When the first edition of Raincoast Chronicles was produced by a couple of novice publishers in the unlikely location of Pender Harbour in 1972, it boldly announced that it was going “to put BC character on the record.” Printed in sepia ink and decorated with the rococo flourishes characteristic of that extravagant era, the unclassifiable journal-c*m-serial-book about life on the BC coast struck a nerve and in time became something very close to what it set out to be—a touchstone of British Columbia identity. Soon the term “Raincoast,” which had been coined by the editors, was appearing on boats, puppet theatres, interior decorating firms and at least one other publishing enterprise.
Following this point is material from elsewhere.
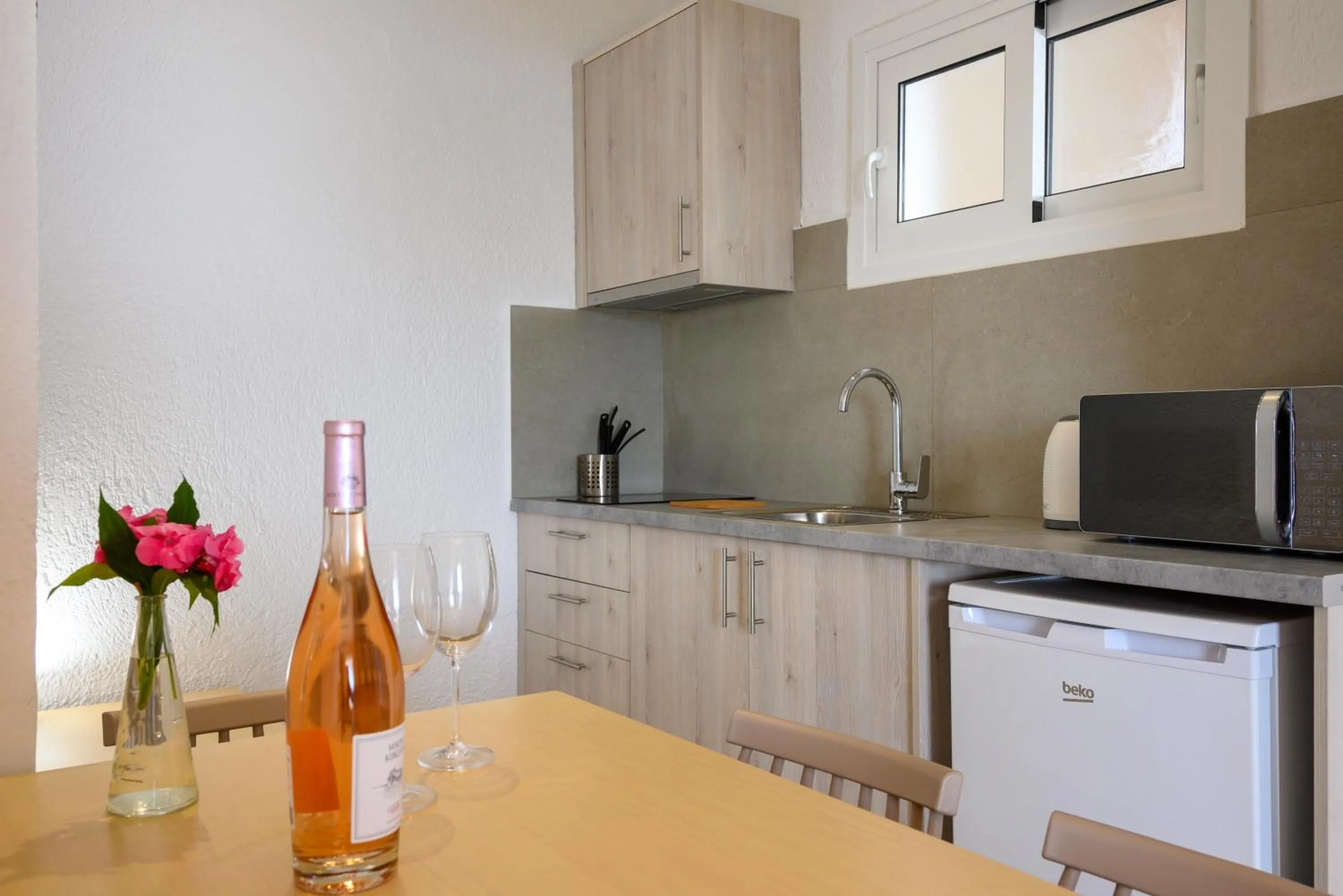 Coffee/tea facilities in Havania Apartments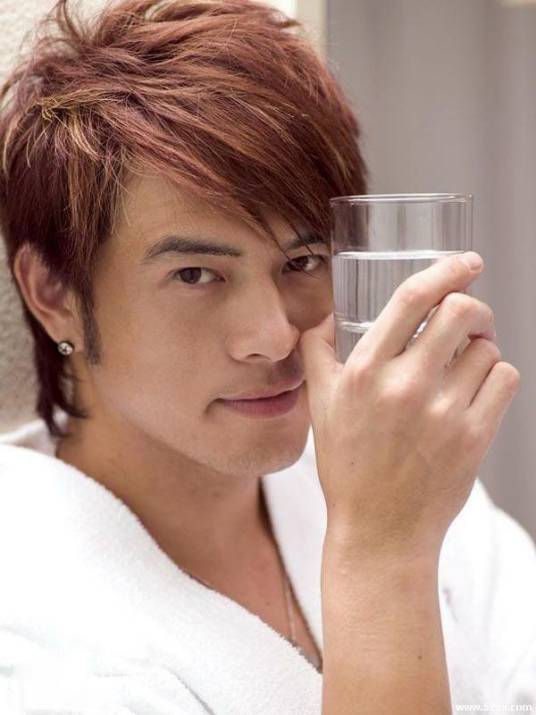 黄玉荣（中国台湾男歌手、演员）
Raincoast Chronicles also created another publishing enterprise—Harbour Publishing. Many of the stories that started out as articles in the Chronicles grew into books and so the White family was more or less forced to get into book publishing to deal with them. That undertaking went on to publish some six hundred books (and counting!) about every possible aspect of BC and, in 2014, celebrated its fortieth anniversary in the biz. To honour that occasion this special double issue of Raincoast Chronicles takes a tour down memory lane, selecting a trove of the most outstanding stories in all those Harbour books and republishing them in one volume.
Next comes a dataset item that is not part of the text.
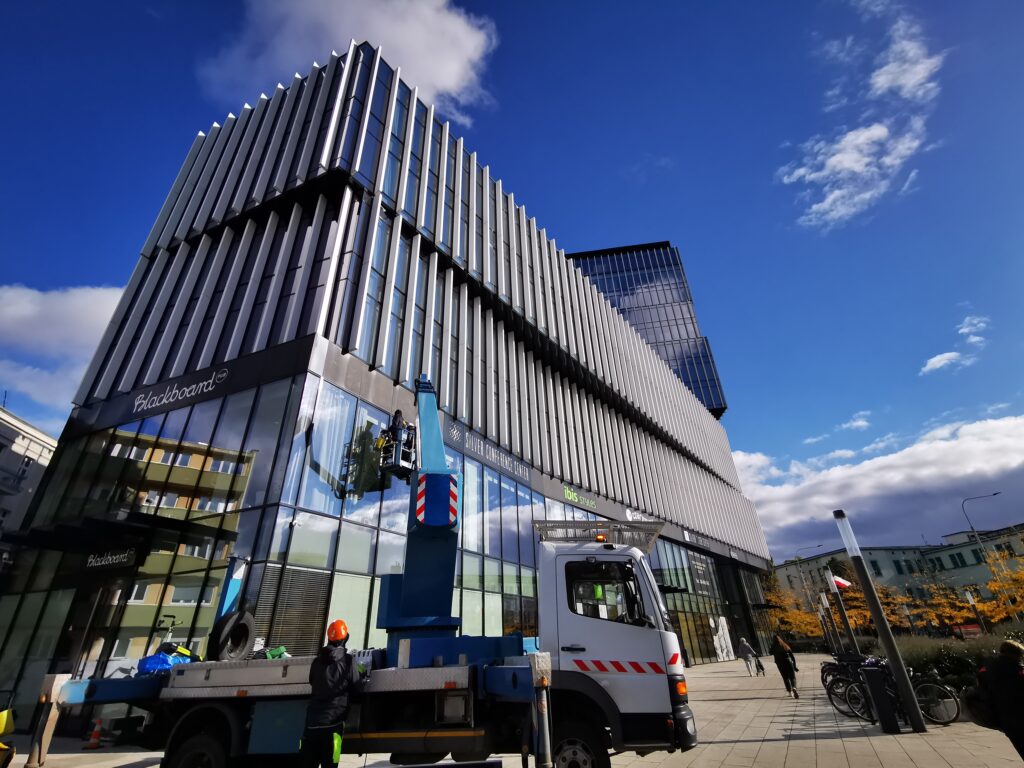 Alpinistyczne mycie okien Wrocław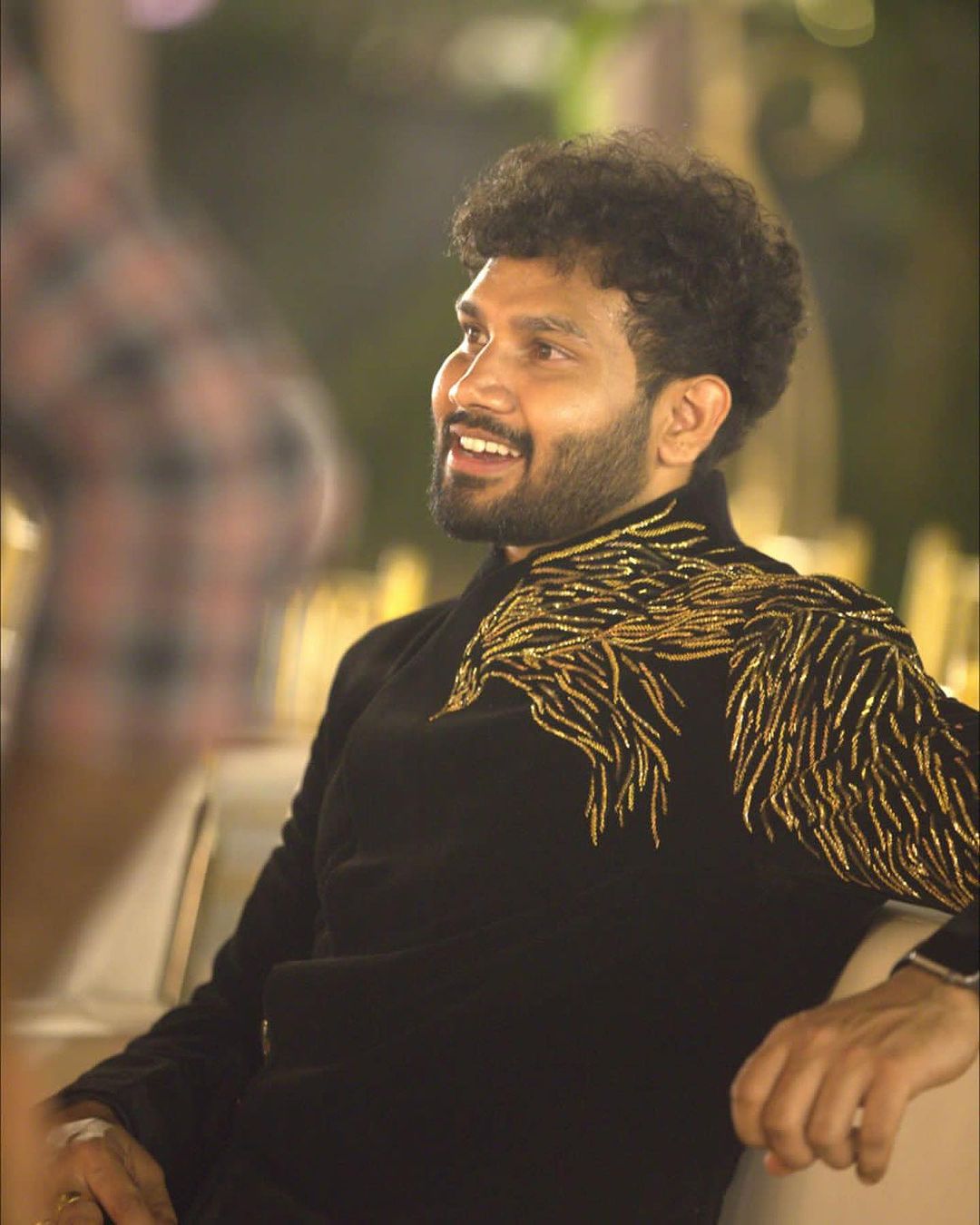 Black Velvet Eagle Embroidered Jodhpuri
Here are some of Canada’s most exciting and iconic writers—Al Purdy, Anne Cameron, Edith Iglauer, Patrick Lane and Grant Lawrence, to start a long list. Here also are stories of disasters at sea, scarcely believable bush plane feats, eerie events at coastal ghost towns and a First Nations elder who has seen so many sasquatches he finds them sort of boring. Full of great drawings and photos, this jumbo anniversary edition of Raincoast Chronicles is a feast of great Pacific Northwest storytelling.